Those are ok to not have around, they are internal to prometheus-statsd-exporter (we don't really rely on them anyway in any way that I know of)

> # go_gc_duration_seconds A summary of the GC invocation durations.
> # go_goroutines Number of goroutines that currently exist.
> # go_info Information about the Go environment.
> # go_memstats_alloc_bytes Number of bytes allocated and still in use.
> # go_memstats_alloc_bytes_total Total number of bytes allocated, even if freed.
> # go_memstats_buck_hash_sys_bytes Number of bytes used by the profiling bucket hash table.
> # go_memstats_frees_total Total number of frees.
> # go_memstats_gc_cpu_fraction The fraction of this program's available CPU time used by the GC since the program started.
> # go_memstats_gc_sys_bytes Number of bytes used for garbage collection system metadata.
> # go_memstats_heap_alloc_bytes Number of heap bytes allocated and still in use.
> # go_memstats_heap_idle_bytes Number of heap bytes waiting to be used.
> # go_memstats_heap_inuse_bytes Number of heap bytes that are in use.
> # go_memstats_heap_objects Number of allocated objects.
> # go_memstats_heap_released_bytes Number of heap bytes released to OS.
> # go_memstats_heap_sys_bytes Number of heap bytes obtained from system.
> # go_memstats_last_gc_time_seconds Number of seconds since 1970 of last garbage collection.
> # go_memstats_lookups_total Total number of pointer lookups.
> # go_memstats_mallocs_total Total number of mallocs.
> # go_memstats_mcache_inuse_bytes Number of bytes in use by mcache structures.
> # go_memstats_mcache_sys_bytes Number of bytes used for mcache structures obtained from system.
> # go_memstats_mspan_inuse_bytes Number of bytes in use by mspan structures.
> # go_memstats_mspan_sys_bytes Number of bytes used for mspan structures obtained from system.
> # go_memstats_next_gc_bytes Number of heap bytes when next garbage collection will take place.
> # go_memstats_other_sys_bytes Number of bytes used for other system allocations.
> # go_memstats_stack_inuse_bytes Number of bytes in use by the stack allocator.
> # go_memstats_stack_sys_bytes Number of bytes obtained from system for stack allocator.
> # go_memstats_sys_bytes Number of bytes obtained from system.
> # go_threads Number of OS threads created.
> # http_request_duration_microseconds The HTTP request latencies in microseconds.
> # http_request_size_bytes The HTTP request sizes in bytes.
> # http_requests_total Total number of HTTP requests made.
> # http_response_size_bytes The HTTP response sizes in bytes.
> # process_cpu_seconds_total Total user and system CPU time spent in seconds.
> # process_max_fds Maximum number of open file descriptors.
> # process_open_fds Number of open file descriptors.
> # process_resident_memory_bytes Resident memory size in bytes.
> # process_start_time_seconds Start time of the process since unix epoch in seconds.
> # process_virtual_memory_bytes Virtual memory size in bytes.
> # process_virtual_memory_max_bytes Maximum amount of virtual memory available in bytes.

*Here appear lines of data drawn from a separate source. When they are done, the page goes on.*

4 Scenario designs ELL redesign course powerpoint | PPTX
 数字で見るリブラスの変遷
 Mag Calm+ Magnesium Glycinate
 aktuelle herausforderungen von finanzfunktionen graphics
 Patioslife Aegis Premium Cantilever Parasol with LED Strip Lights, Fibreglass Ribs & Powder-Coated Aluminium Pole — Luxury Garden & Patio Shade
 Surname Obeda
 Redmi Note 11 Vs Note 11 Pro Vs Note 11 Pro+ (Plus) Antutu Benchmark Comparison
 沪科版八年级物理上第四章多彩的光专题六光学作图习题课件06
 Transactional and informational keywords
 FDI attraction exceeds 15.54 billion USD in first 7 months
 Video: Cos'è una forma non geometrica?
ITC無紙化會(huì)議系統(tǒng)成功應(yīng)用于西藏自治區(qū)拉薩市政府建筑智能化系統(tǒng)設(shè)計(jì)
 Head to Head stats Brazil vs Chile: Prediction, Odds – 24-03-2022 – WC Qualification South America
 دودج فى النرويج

These are service runner specific and we have some of them but other are missing. Most important is service_runner_request_duration_seconds. This probably needs some cooperation between cxserver and service-runner to happen work fine (cxserver using the correct library call of service-runner).

  1. service_runner_gc_microseconds Metric autogenerated by statsd_exporter.
  2. service_runner_request_duration_seconds Metric autogenerated by statsd_exporter.
  3. service_runner_rss_heap_kilobytes Metric autogenerated by statsd_exporter.
  4. service_runner_total_heap_kilobytes Metric autogenerated by statsd_exporter.
  5. service_runner_used_heap_kilobytes Metric autogenerated by statsd_exporter.

These are also internal to statsd_exporter, it's ok to not have them after the upgrade.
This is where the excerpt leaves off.